791 F2d 73 Kaiser Wise

791 F.2d 73

55 USLW 2022

In the Matter of Lawrence KAISER, as Trustee of the Estates
of Telemark Management Company, Inc., et al., Debtors.
Appeal of Sheila WISE and Anthony Wise.

No. 85-1732.

United States Court of Appeals,
Seventh Circuit.

Argued April 22, 1986.
Decided May 13, 1986.
Rehearing and Rehearing En Banc Denied June 12, 1986.

Anthony Wise, pro se.

Stephen H. Cohen, Robins, Zelle, Larson & Kaplan, Minneapolis, Minn., for appellee.

Before CUMMINGS, Chief Judge, and BAUER and POSNER, Circuit Judges.

POSNER, Circuit Judge.


The appellants in this bankruptcy matter, Mr. and Mrs. Wise, are the sole owners of a group of corporations that we shall refer to collectively as "Telemark" and that own a resort and associated recreational facilities (including a theme park called "Historyland") in northwestern Wisconsin. Telemark went broke and passed into the control of a trustee, the appellee in this case, under Chapter 7 of the Bankruptcy Code. The trustee claimed that some property formally or nominally owned by the Wises rather than by Telemark--in particular, four parcels of land on which "Historyland" is built and several hundred pieces of furniture, equipment, and artwork (chairs, ladders, signs, some Indian artifacts, etc.)--was actually part of the bankrupt estate. The bankruptcy judge agreed, and so did the district judge, to whom the Wises first appealed; now they appeal to us. (Other categories of property are involved in the appeal, but they either are no longer in issue or present a much clearer case for inclusion in the estate; we shall not have to discuss them separately.) The bankruptcy judge's order, although it did not wind up the whole bankruptcy proceeding, disposed finally of the controversy between the trustee and the Wises over who has the right to the property in question, and was thus an appealable order. See In re Barker, 768 F.2d 191, 192-94 (7th Cir.1985); Bestmann v. Nicola, 720 F.2d 484, 486 (8th Cir.1983).


The trustee had a buyer for Telemark who was prepared to pay some $5 million; but when we granted a stay (herewith dissolved) pending this appeal, the deal fell through, though we are told the buyer is still interested. Telemark's total liabilities are about $13 million. The trustee was operating Telemark as a resort until the stay was granted. Telemark has now closed but if bought will be reopened.


The Bankruptcy Code provides that the bankrupt estate includes "all legal or equitable interests of the debtor in property as of the time of the commencement of the case." 11 U.S.C. Sec. 541. We must decide whether the debtor (Telemark) was the equitable owner of the land and personal property in question under Wisconsin law. The rights enforced in bankruptcy are rights created by state law, Butner v. United States, 440 U.S. 48, 99 S.Ct. 914, 59 L.Ed.2d 136 (1979), in this case Wisconsin law.

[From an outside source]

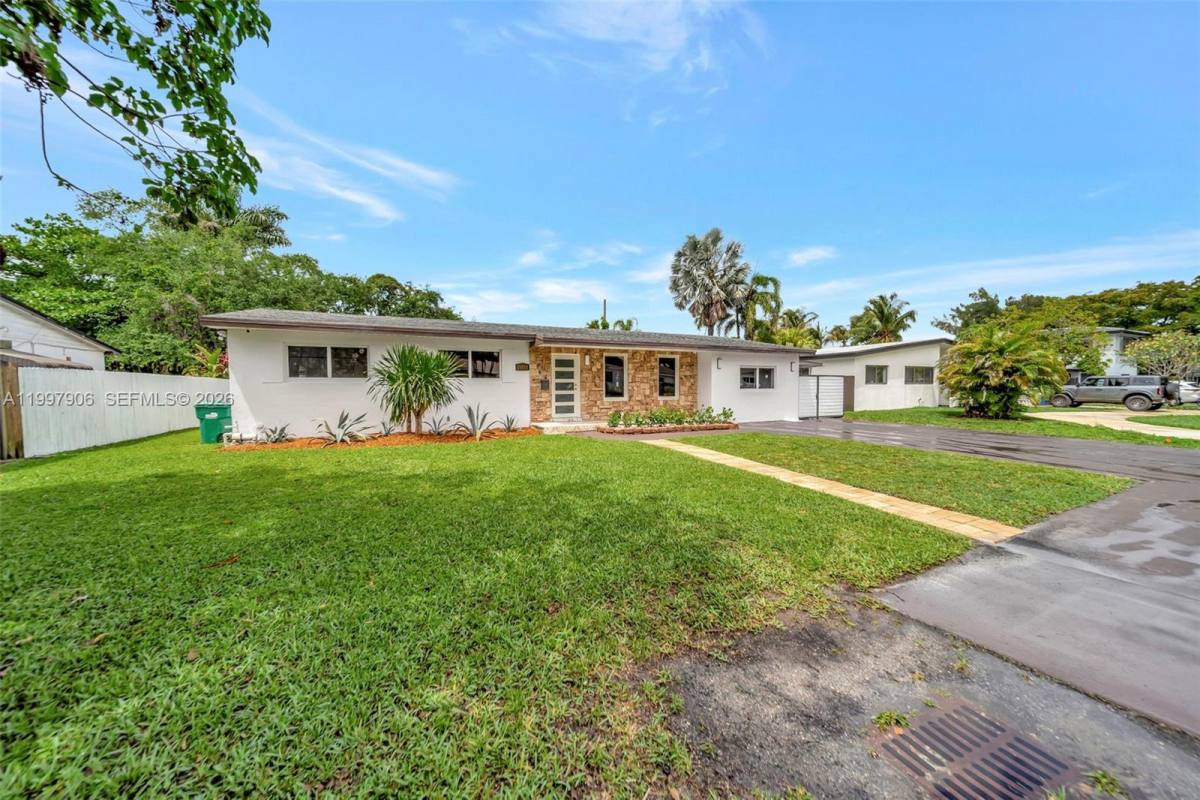 House for rent at 15010 NE 7th Ave, Miami, FL 33161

We begin with the land. Wise bought it many years ago, using borrowed money to buy two of the four parcels. Telemark built "Historyland" on the four parcels but never leased the parcels from Wise or paid rent for their use. Telemark, not Wise, repaid the loans that he had taken out to buy two of the parcels, and also paid the real estate taxes on all four parcels. The interest on the loans was deducted on Telemark's, not the Wises', income tax returns. Wise has never listed the land on his personal financial statements. Together with some other land, the four parcels are listed as an asset of Historyland, Inc., one of the Telemark corporations, on Telemark's consolidated disclosure statement which Wise filed with the bankruptcy judge. The statement lists the appraised value of the land as $1 million and its net realizable value as $600,000, more than half of which is due to the four parcels in question. Since the four parcels are encumbered by an $8 million mortgage signed by both Telemark and Wise, the trustee as representative of the unsecured creditors might appear to have nothing to gain from adding the land to the bankrupt estate. But the mortgagee is willing to discharge the mortgage for $350,000, and both the trustee and the Wises think the land is worth more.

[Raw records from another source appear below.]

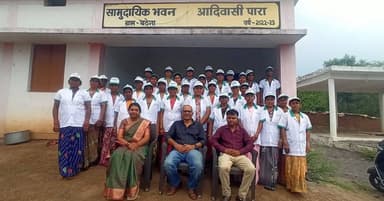 हुनरमंद हाथ, आत्मनिर्भर भविष्य
दुर्ग जिले के ग्राम बठेना में ग्रामीण महिलाएं अब केवल घर नहीं बना रहीं, बल्कि अपने सपनों और आत्मनिर्भर भविष्य की मजबूत नींव भी रख रही हैं।
कलेक्टर श्री अभिजीत सिंह के मार्गदर्शन में बैंक ऑफ बड़ौदा आरसेटी द्वारा संचालित 30 दिवसीय रूरल मेसन (राजमिस्त्री) प्रशिक्षण में 35 महिलाएं आधुनिक निर्माण तकनीकों, गुणवत्ता मानकों और सुरक्षा उपायों का प्रशिक्षण प्राप्त कर रही हैं। यह पहल प्रधानमंत्री आवास योजना (ग्रामीण) के अंतर्गत गुणवत्तापूर्ण आवास निर्माण को बढ़ावा देने के साथ-साथ महिलाओं को रोजगार एवं स्वरोजगार के नए अवसरों से जोड़ रही है।
कौशल विकास के माध्यम से सशक्त बन रही ये महिलाएं आने वाले समय में मजबूत घरों के साथ आत्मनिर्भर और समृद्ध ग्रामीण समाज के निर्माण में भी महत्वपूर्ण भूमिका निभाएंगी।
#WomenEmpowerment #SkillDevelopment #RuralMason #PMAYG #Durg
@prdcggov @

The parcels were formally in Wise's name, and prima facie therefore could not be reached by creditors of his corporations. The principle of limited liability, whereby a corporation's creditors cannot reach the personal assets of the shareholders (the shareholders' liability is limited to their investment in the corporation), is important to our capitalist system. It enables people to invest in business without hazarding their entire wealth on the venture. Refrigeration Sales Co. v. Mitchell-Jackson, Inc., 770 F.2d 98, 103 (7th Cir.1985). If it were not for limited liability, an investor who was risk averse would not invest equity capital in an enterprise that had debt, since if the enterprise failed its debts might exceed its assets; or would negotiate a waiver of personal liability with the lenders; or would charge a higher risk premium. He might insist that the enterprise buy insurance unlimited in amount (if this were possible) against any possible involuntary debt such as a large tort judgment. He might steer clear of equity investing altogether. We do not want to exaggerate the importance of limited liability; often the shareholders of closely held corporations such as Telemark will guarantee loans to the corporation in order to reduce the corporation's interest expense. Nevertheless, equity investments would be discouraged to some extent if shareholders could not limit their liability to their investment.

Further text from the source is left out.